Despite the rise of gold, I hold to my view that while gold is a good barometer of inflationary expectations and financial stress levels, I prefer the energy complex as an inflationary hedge because of its greater liquidity and depth of market. In short, there isn’t enough gold around in the world to hedge away our troubles from a policy viewpoint:
What about gold? That one’s easy: it’s estimated that all the physical gold in the world that’s ever been produced amounts to roughly 140,000 tons (worth about $4.5 trillion dollars using $1,000 an ounce). About 75% of that is either in coins or jewelry… not available to China, or to any other government.
The new gold available each year is miniscule: about 2,600 tons (almost $83 billion dollars worth) of new gold is being mined and refined annually, increasing the total supply by 2% per year.
The Minority Report
Should we put on the inflation trade?
My answer is a qualified yes for investors with a 3-5 year time horizon. However, there are still troubling signs that deflation may be the greater problem and must be overcome.

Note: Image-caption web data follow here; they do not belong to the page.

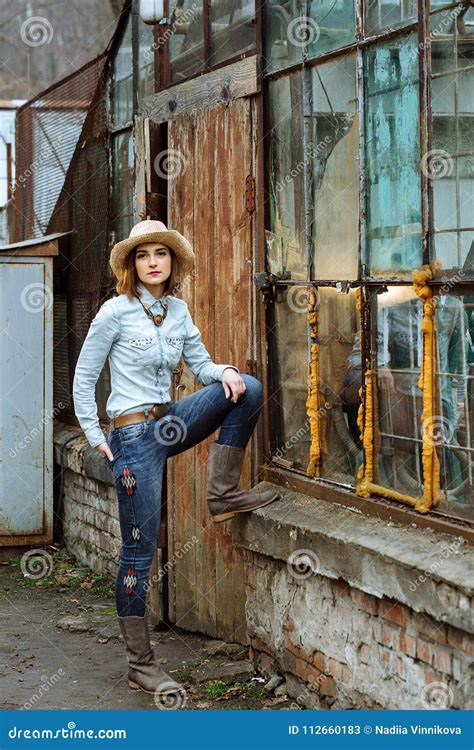 Woman In Western Wear In Cowboy Hat Jeans And Cowboy Boots Stock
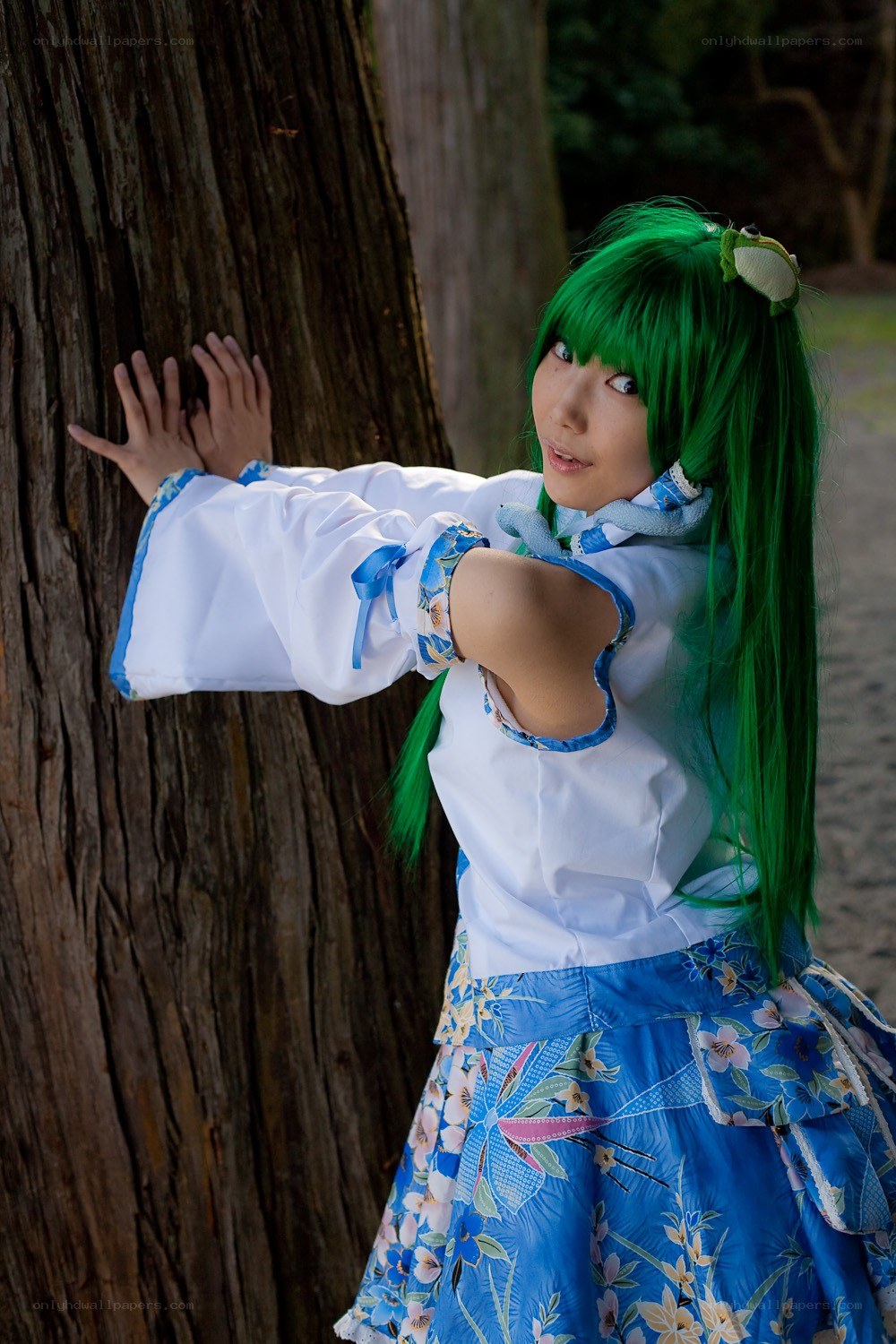 cosplayer in green wig by tree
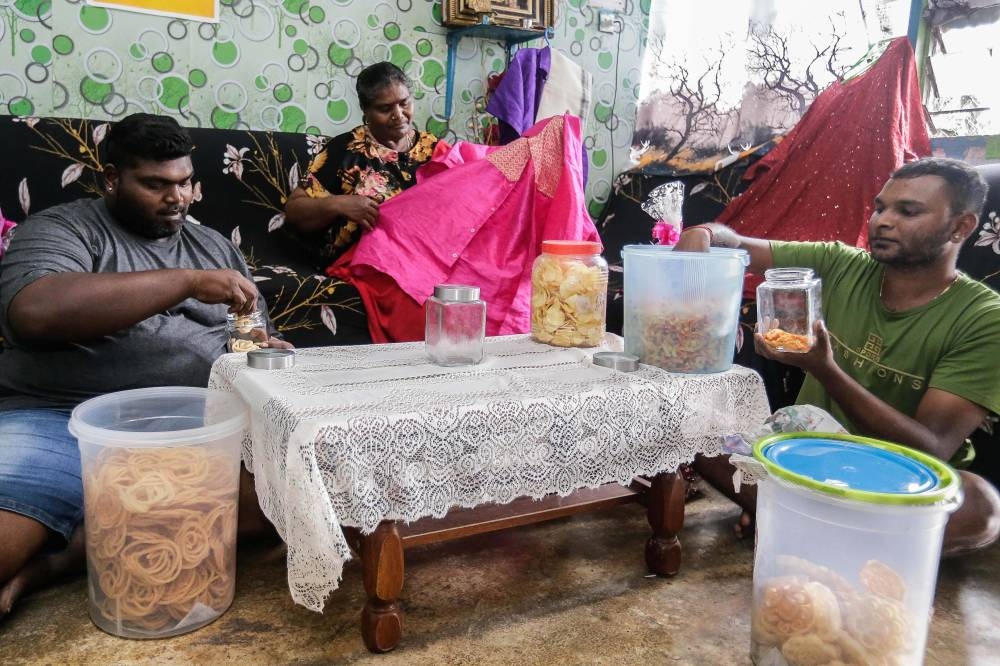 A. Patmavathi (centre), 56, along with her kids P. Jegathis (left), 31, and M. Kubenthiran (right), 22, getting ready as they preparing their home to the up coming Deepavali celebration in Sepang October 23, 2022. — Picture by Sayuti Zainudin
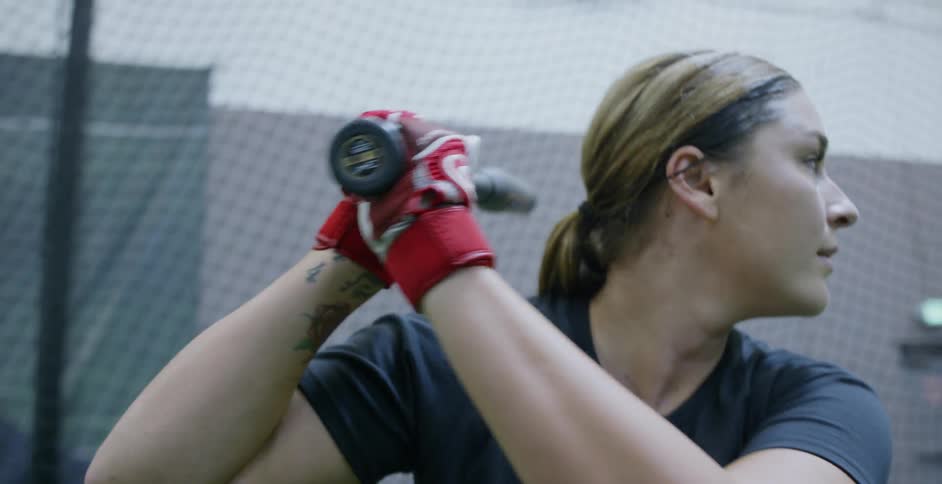A woman hits softballs indoors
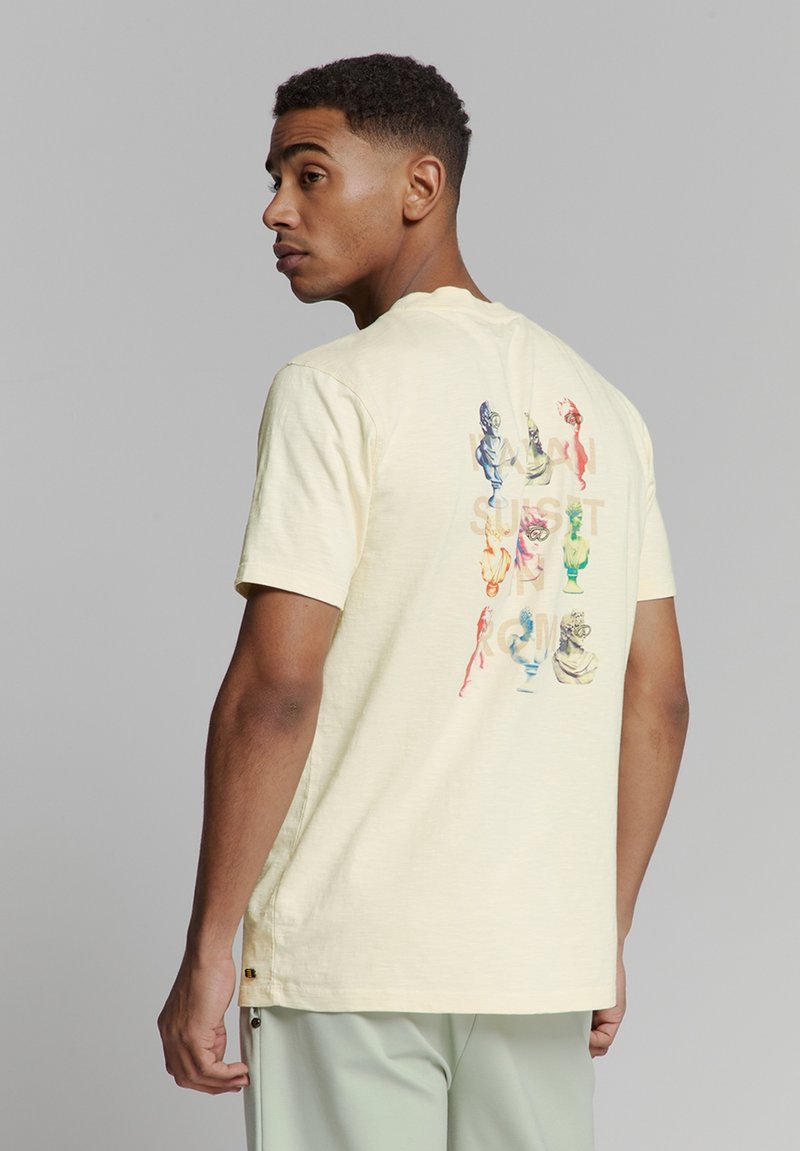 Korte mouwen, lichtgele t-shirt met een kleurrijke grafische print op de achterkant met verschillende gestileerde busten. Zachte, textuurstof.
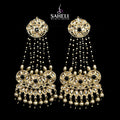 Ornate gold earrings with black stones on a black background, featuring the brand 'Saheli'.
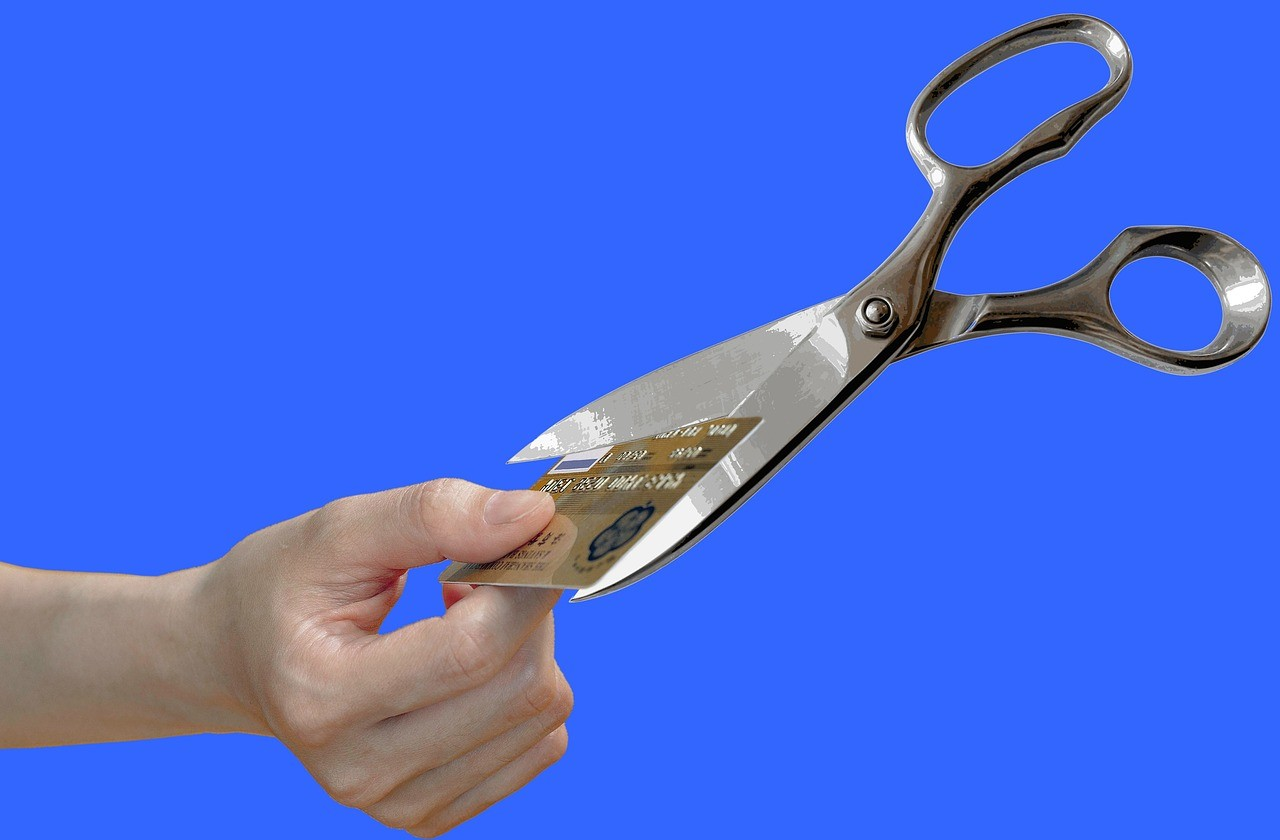 A hand using scissors to cut a credit card, representing the concept of credit card debt consolidation.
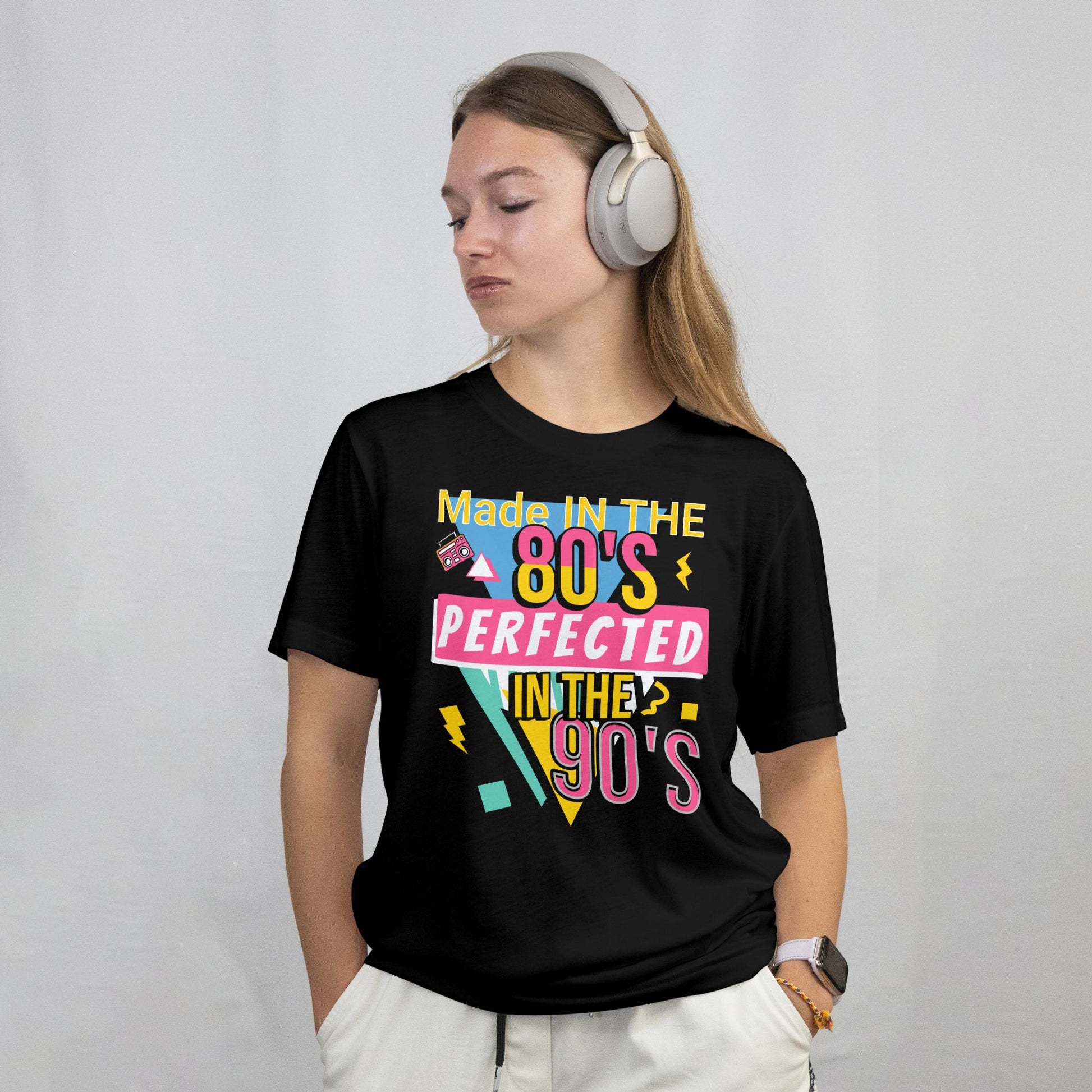 Person wearing a black t-shirt with colorful text design on a plain background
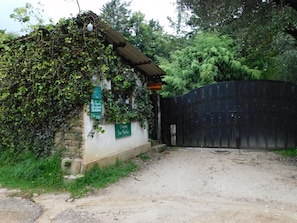 A rustic building with a metal gate, surrounded by lush greenery and a gravel path. - San Nicolás Rotamundos (San Cristóbal de las Casas)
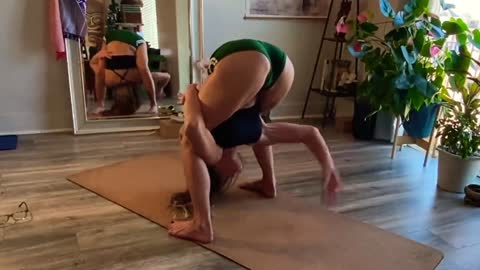 Hot Yoga Practice With Inversions, Forward Folding and Legs Behind Head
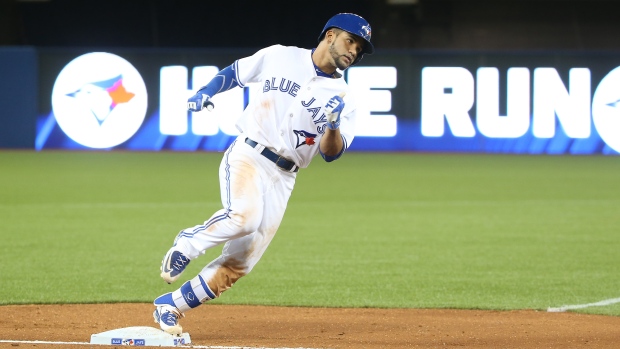 Devon Travis, Tom Szczerbowski/Getty Images Devon Travis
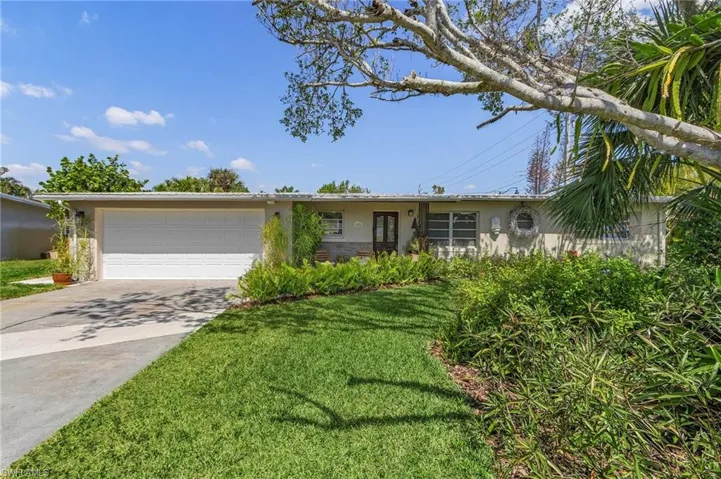 Ranch-style house featuring stucco siding, a front lawn, concrete driveway, and a garage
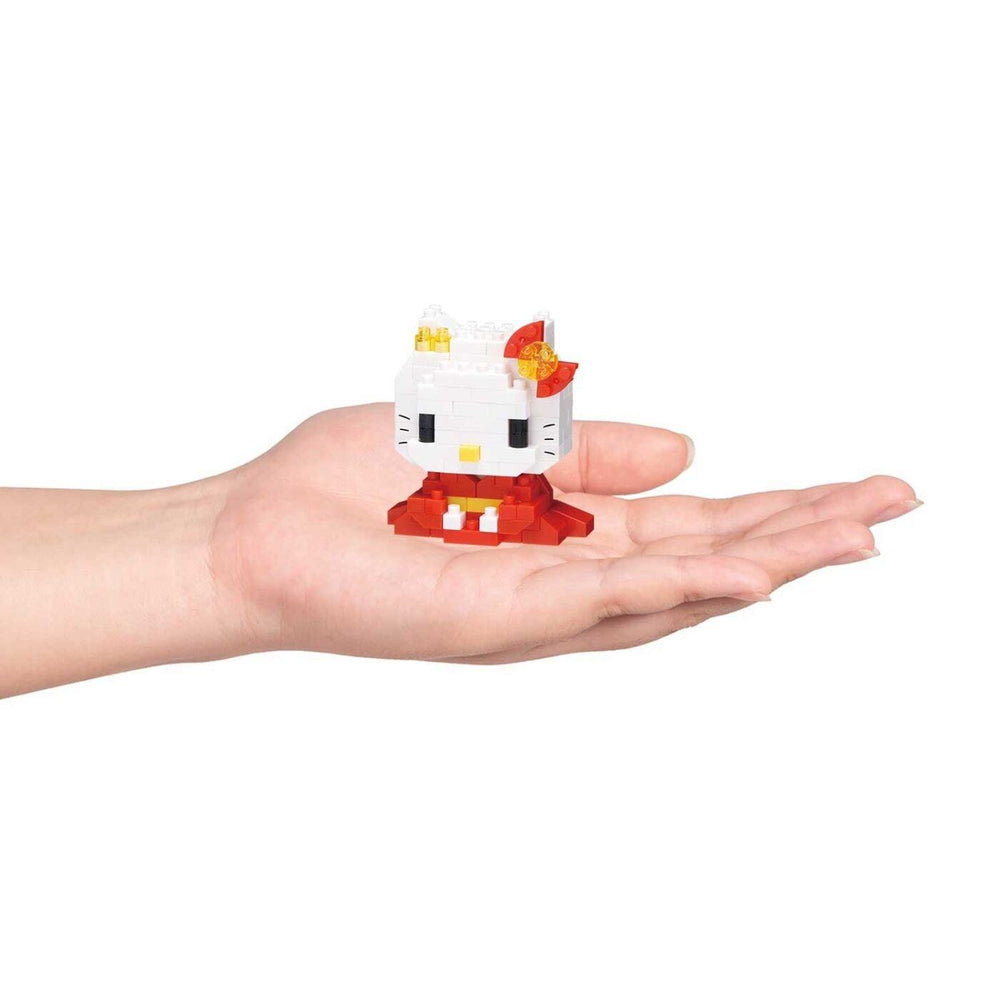 A hand holding a small white Hello Kitty figurine against a white background.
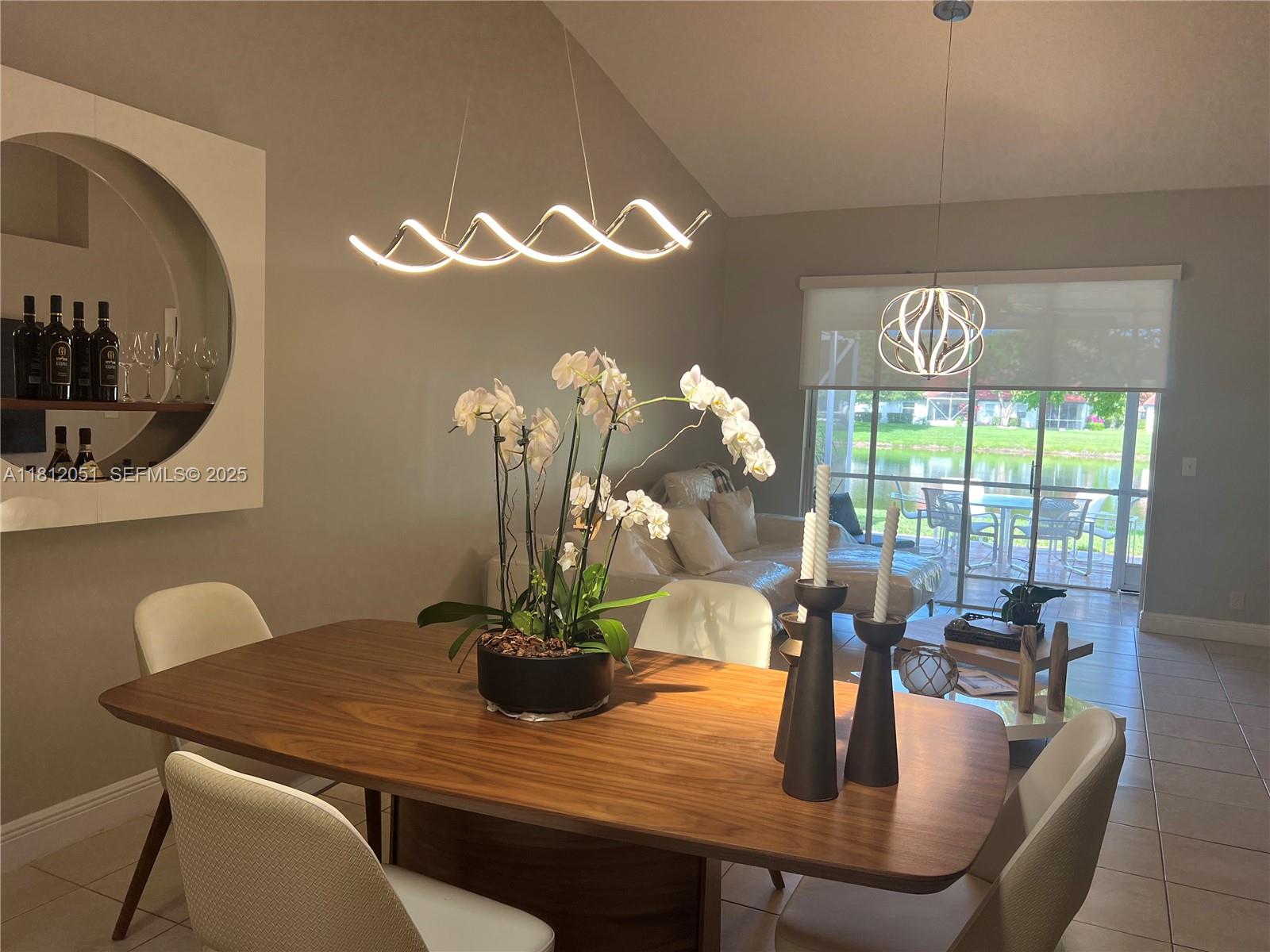 18428 Vía Di Regina Boca Raton, FL 33496 - Photo 5 of 6 a dining room with furniture and window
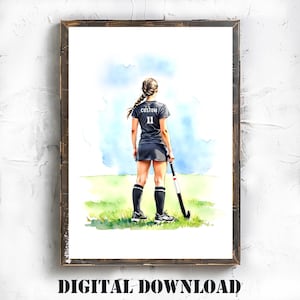 Puede incluir: Impresión en acuarela de una jugadora de hockey sobre hierba con uniforme negro con la palabra "CUSTOM" y el número 11 en la espalda. La jugadora sostiene un palo de hockey sobre un campo verde con un fondo de cielo azul. La imagen está enmarcada en un marco de madera marrón rústico.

We would also not overlook Richard Koo’s hypothesis that inflation may not be a problem despite all this fiscal and monetary stimulus. His contention is that as long as government spending and investment replaces private spending and investment, because households are in a saving and balance sheet repair mode, then inflation should not be a problem.
Investors in the inflation trade need to watch closely for signs of inflation as economic recovery takes hold in the coming quarters.